The Prius Liftback is capable of seating five, four comfortably. Though classified as a midsize car by the U.S. government, the Prius Liftback looks and feels more like a large compact car to us. When we think of midsize Toyota models, we think of the Toyota Camry. The Toyota Corolla is nearly four inches longer in overall length than the Prius and it's wider; the Camry is 13 inches longer than the Prius and three inches wider, a huge difference. Add to that the hatchback design of the Prius, which makes it look like a compact car.
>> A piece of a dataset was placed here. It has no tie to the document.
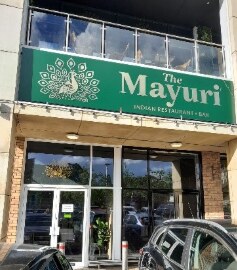 The Mayuri restaurant, with a green peacock sign above a glazed frontage.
Underway, its ride quality, handling, levels of noise, vibration and harshness, and overall demeanor make the Prius feel like a compact car.
The current Prius is a third-generation car. More than 1 million examples have been sold in the United States since the introduction of the first-generation model was introduced here in 2000 as a 2001 model. (It was first launched in Japan in 1997.) The Toyota Prius was redesigned for 2010, sleeker and more powerful than the second-generation version (2004-2009 models). Prius was unchanged for 2011.
For 2012, Prius gets updated styling and an expansion of Toyota Entune connectivity features. Updated headlights and tail lights plus a new front fascia and bumper distinguish the 2012 Prius from the 2010-11 models.
The Prius models use a 1.8-liter gasoline engine along with the Permanent Magnet Synchronous Motor. Acceleration performance from the Prius is lethargic: 0 to 60 mph in 9.8 seconds. The CVT, or continuously variable transmission, is smooth.
There are three driving modes: EV, ECO and Power. EV is all electric, for very short distances at speeds under 25 mph; ECO provides the best fuel mileage, without noticeably compromising performance; and Power, the default mode, is needed for brisk acceleration.
Driving a Prius is easy. Handling is easy if not nimble at slow speeds, and the brakes are sensitive while being stacked with electronic capabilities for safety. The ride feels stiff over jagged slow bumps but smooth in most situation. Interior noise is surprisingly high despite increased sound insulation. Many owners might not notice, but others will.
In the back seats, there's 36 inches of legroom, not great for a midsize car, though we view the Prius as a compact car, and the 60/40 split rear seats have a folding center armrest with two cupholders, for when there's not a third passenger back there.
Cargo space is generous with nearly 40 cubic feet of capacity when the back seats are dropped flat, and the big liftgate makes loading easy.
Prius comes loaded with technology. The Touch Tracer Display projects information before your eyes, so you can keep them on the road. Input comes from the pilot at the controls on the steering wheel, including not just audio and cruise control, but also climate control and trip computer, with telephone and other controls available. A solar-powered ventilation system is available, with remote pre-cooling to cool the car down to ambient temperature before you climb in on a hot day. There's a warning beep when you're unsteady in your lane; radar cruise control; Intelligent Parking Assist that will parallel park the Prius with no steering or throttle input from the driver; and pre-collision emergency braking to slightly reduce the impact when you don't see an accident coming but the car's radar does.
The Chevrolet Volt feels more like a midsize car and it feels more sophisticated and more upscale than the Prius does. The Prius feels lighter and more refined than the all-electric Nissan Leaf does.